Duel in the Sun: Alberto Salazar, Dick Beardsley, and America's Greatest Marathon
- The cover of the 2006 hardcover edition.
- Author: John Brant
- Language: English
- Subject: Sportswriting Running Boston Marathon Biographies
- Publisher: Rodale
- Publication date: 2006
- Publication place: United States
- Media type: Hardcover
- Pages: 256
- ISBN: 1-59486-262-1
- OCLC: 62172800
- Dewey Decimal: 796.42/52092 B 22
- LC Class: GV1061.14 .B73 2006

= Duel in the Sun (book) =

Book by John Brant

Duel in the Sun: Alberto Salazar, Dick Beardsley, and America's Greatest Marathon is a 2006 book by freelance sportswriter John Brant. Expanded from an article featured in Runner's World magazine, the book tells the story of two American distance runners, Dick Beardsley and Alberto Salazar, and how their lives changed after both men ran the 1982 Boston Marathon. Brant, a regular contributor to Runner's World since 1985 and a contributing editor at Outside, uses a writing style in the book that relies heavily on flashbacks and foreshadowing. The result of this style is that the story of the marathon and the story of the two men's lives are told simultaneously throughout the book.

Although the book has a plot and often reads like a work of fiction, it is in fact a non-fiction work, and the events described in the book actually occurred in real life.

==Plot summary==

The early part of the book describes the preparations that Beardsley and Salazar underwent before the marathon, along with many other aspects of the men's running backgrounds and personal lives.

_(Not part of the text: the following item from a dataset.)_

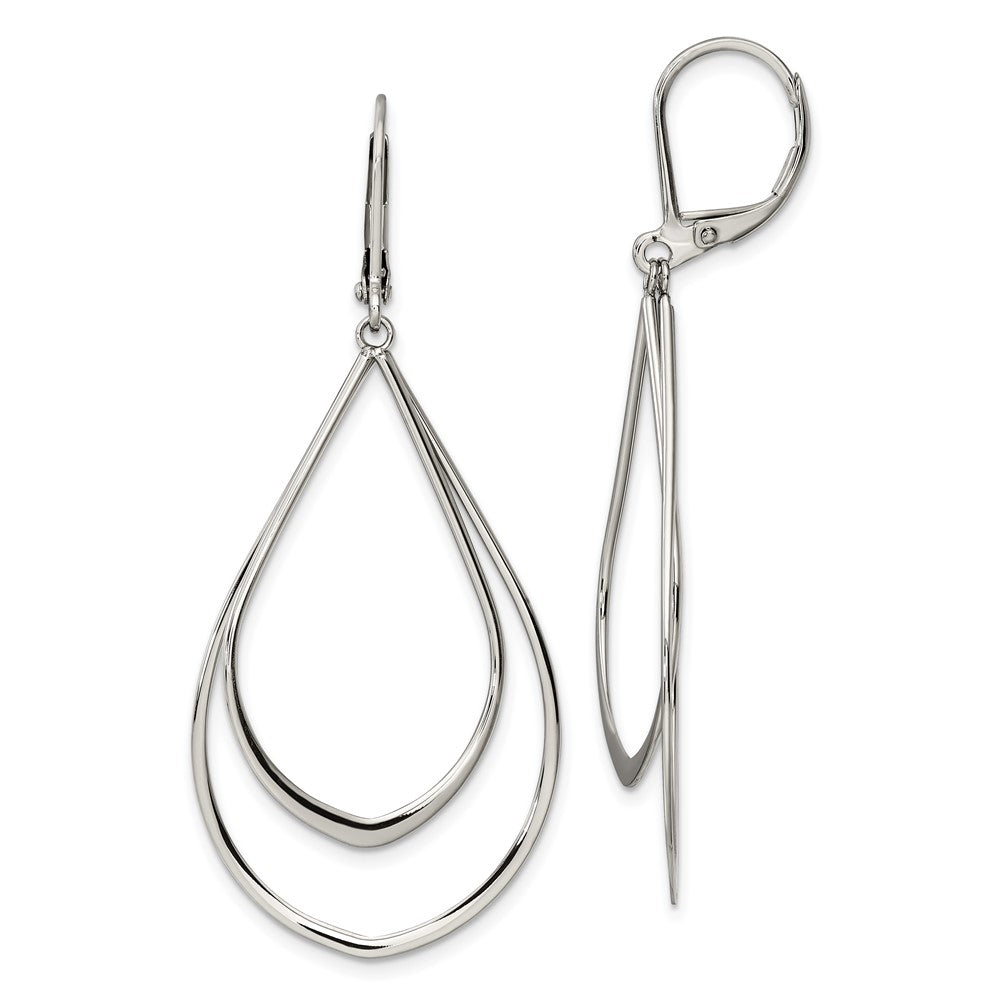 SRE1144 Chisel Stainless Steel Polished Double Teardrop Dangle Leverback Earrings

There are three concurrent story lines: Beardsley's life, Salazar's life, and the marathon itself. It is revealed early on that Salazar, who was already a renowned distance runner in the late 1970s and early '80's, was the favorite to win Boston. Beardsley, described as a small-town farmboy, is clearly the underdog. But as the race progresses and the stories of the two men's lives are developed in greater detail, it becomes clear that both men will have a chance at winning the Boston Marathon, for Americans the most prestigious in the world.

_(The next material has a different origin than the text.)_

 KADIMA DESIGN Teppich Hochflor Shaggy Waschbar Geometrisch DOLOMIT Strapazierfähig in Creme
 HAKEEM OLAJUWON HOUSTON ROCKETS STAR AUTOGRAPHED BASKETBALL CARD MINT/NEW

The story gradually becomes an intense contest between Beardsley and Salazar as they leave the rest of the runners behind during the latter part of the marathon. The title comes from the two men's shadows cast by the hot sun onto the pavement as they run "in each other's pockets" during the final miles of the race, and anticipation builds as to who will win the "duel." The shadow is also featured prominently on the cover of the first edition as part of the title.

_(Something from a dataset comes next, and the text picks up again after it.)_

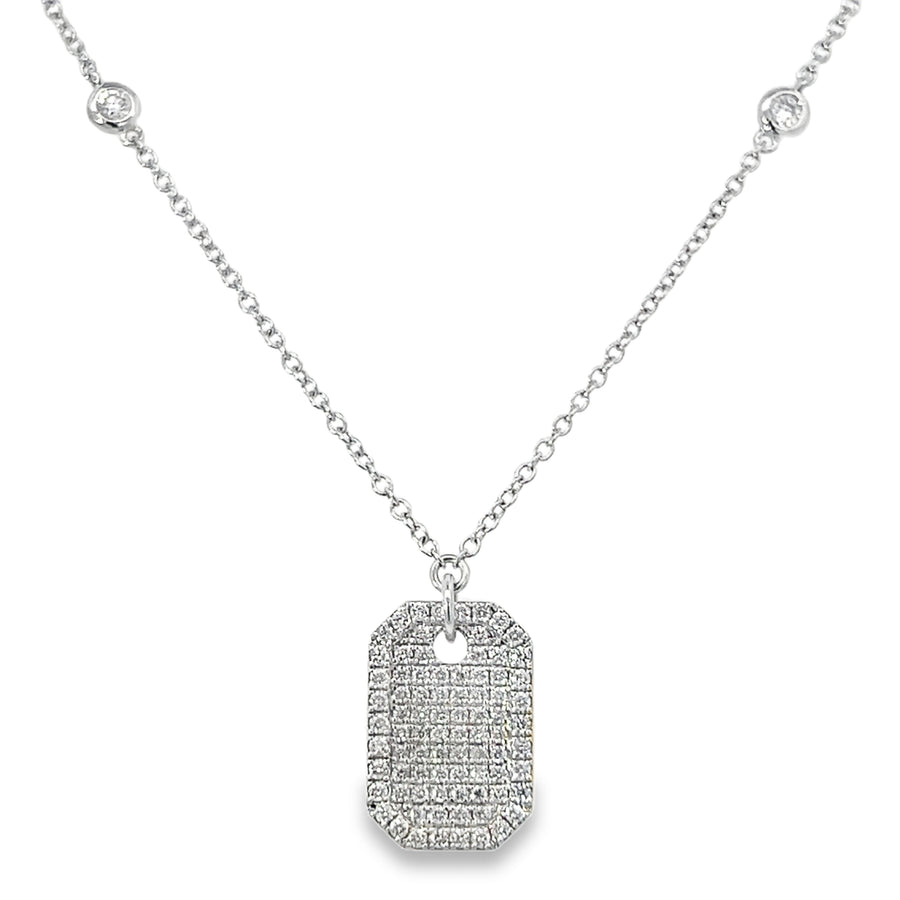 18kt White Gold Natural Diamond Bar Pendant (0.63ct)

After the race, the lives of both runners spiral downhill. The book describes in detail Salazar's depression and compromised immune system, and Beardsley's industrial accident and drug addiction.

==Connection to Cuba and Fidel Castro==

Salazar's father, Jose Salazar, was a Cuban expatriat who had fought alongside Fidel Castro to overthrow the government of Fulgencio Batista in the 1950s. Jose Salazar remained a Castro supporter until Castro assumed power and aligned with the communists. This story and the influence it had on Alberto Salazar is told in some detail in one of the flashbacks during the early part of the book.

==Criticism and praise==

- The book has received positive reviews for its message, which some critics consider to be inspirational and uplifting.
- Other critics complain that the unique narrative style "creates distance instead of allowing readers into the runners' heads."